• Your instructions: Using the records below, repeat exactly the lines from the one holding "Acacia, silk crop" through the one holding "Blaster X-Shot, Excel", both ends included, and no others.
[Opening Material provided section]
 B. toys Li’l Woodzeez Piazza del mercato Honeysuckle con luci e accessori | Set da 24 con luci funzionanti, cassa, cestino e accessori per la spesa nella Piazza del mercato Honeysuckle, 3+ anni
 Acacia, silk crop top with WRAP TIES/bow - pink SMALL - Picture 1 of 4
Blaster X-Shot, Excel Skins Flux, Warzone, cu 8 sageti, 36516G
[Closing Material provided section]
[Opening Material provided section]
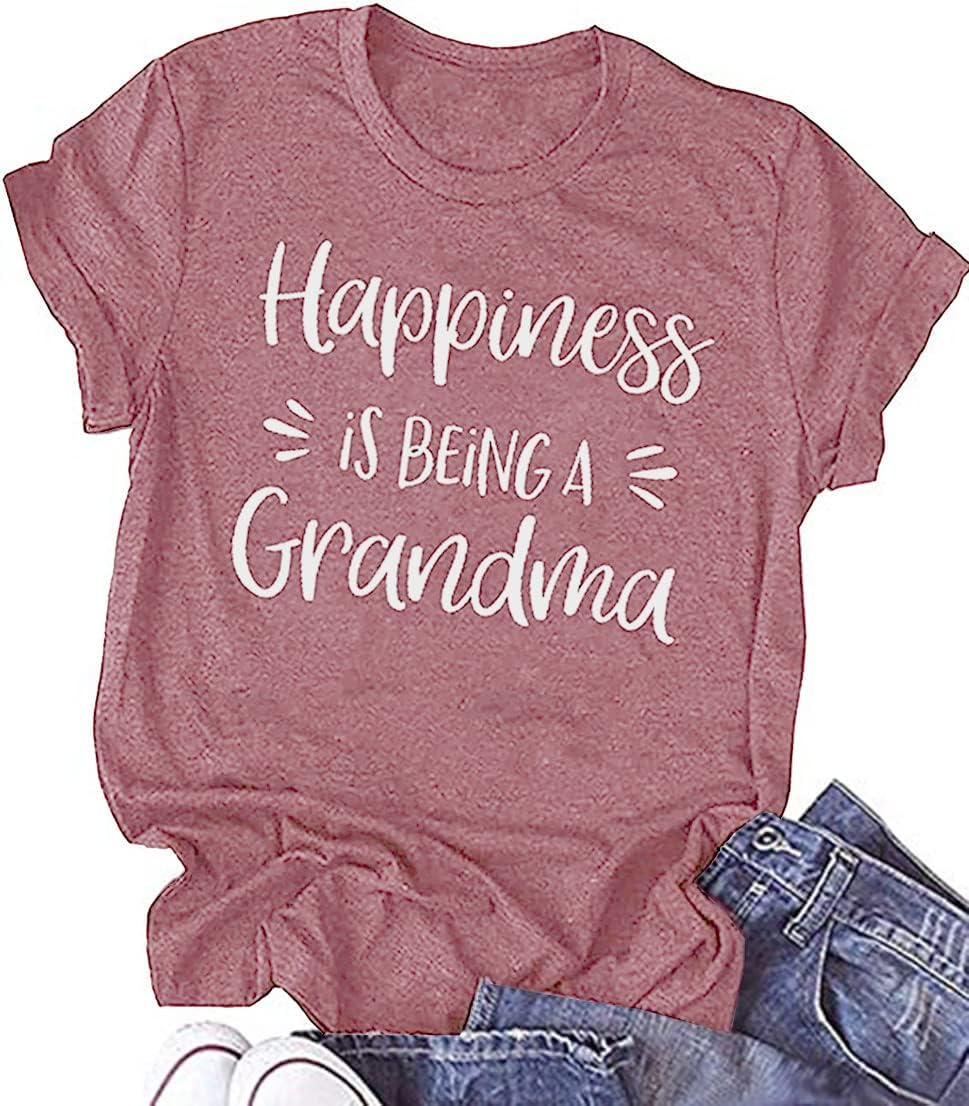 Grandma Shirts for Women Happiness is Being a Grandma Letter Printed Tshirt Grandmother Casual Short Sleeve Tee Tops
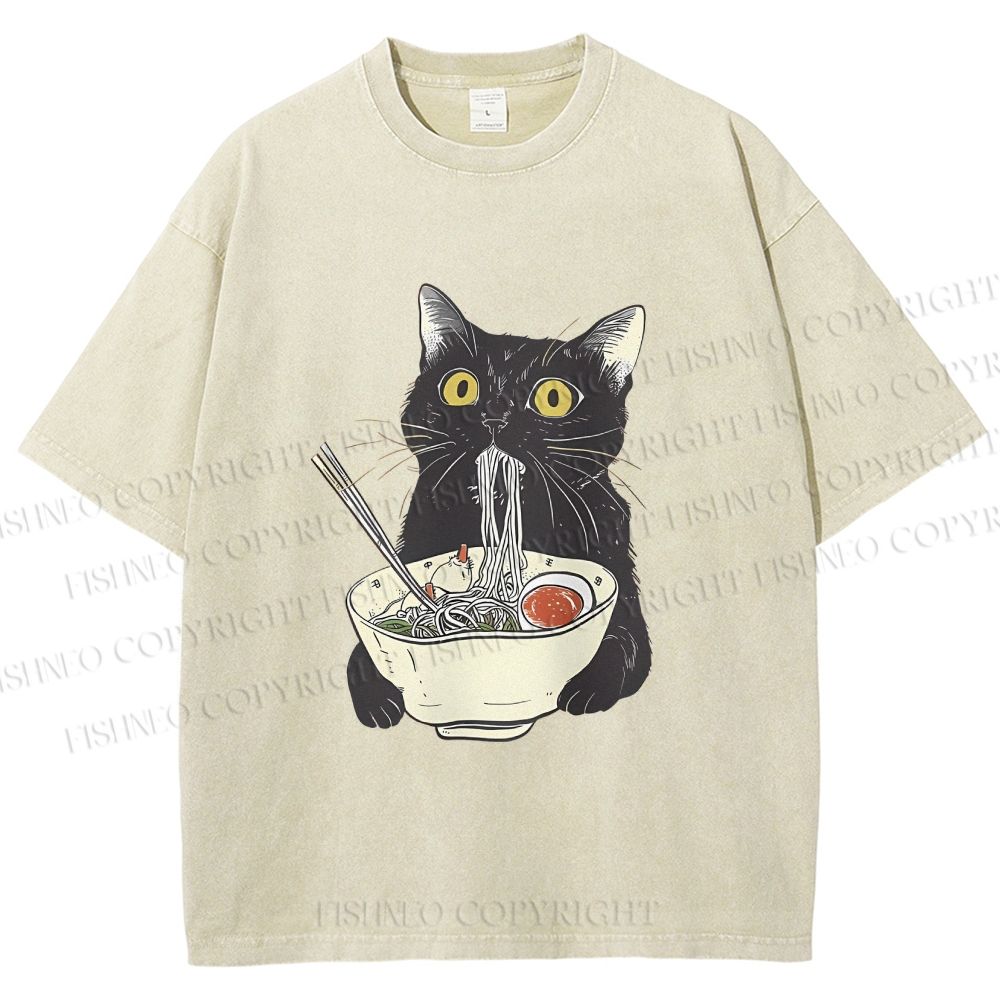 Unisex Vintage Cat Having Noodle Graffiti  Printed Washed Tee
[Closing Material provided section]
[Opening Material provided section]
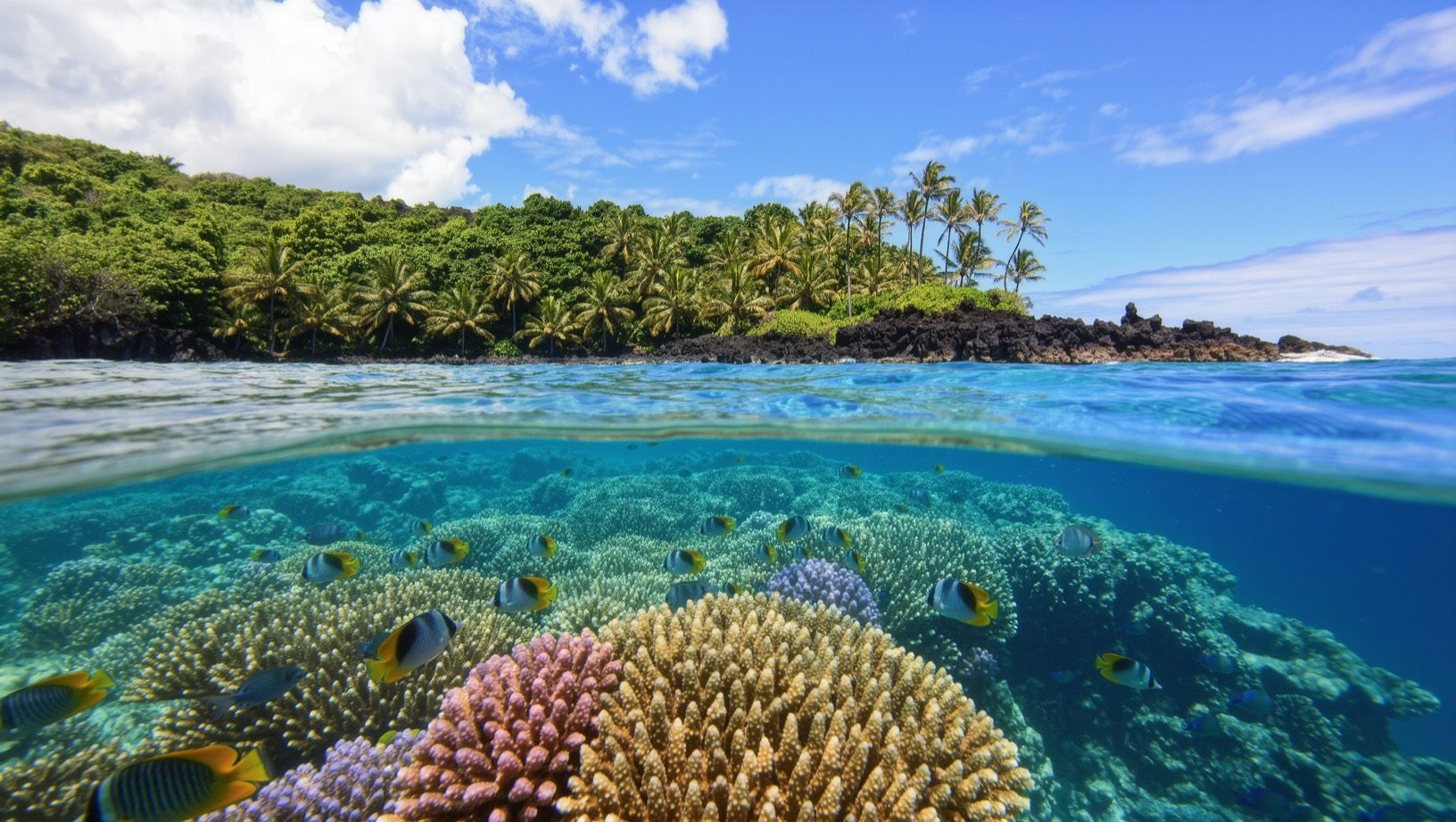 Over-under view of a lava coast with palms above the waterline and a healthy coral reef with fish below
[Closing Material provided section]
• Exercise output:
 Acacia, silk crop top with WRAP TIES/bow - pink SMALL - Picture 1 of 4
Blaster X-Shot, Excel Skins Flux, Warzone, cu 8 sageti, 36516G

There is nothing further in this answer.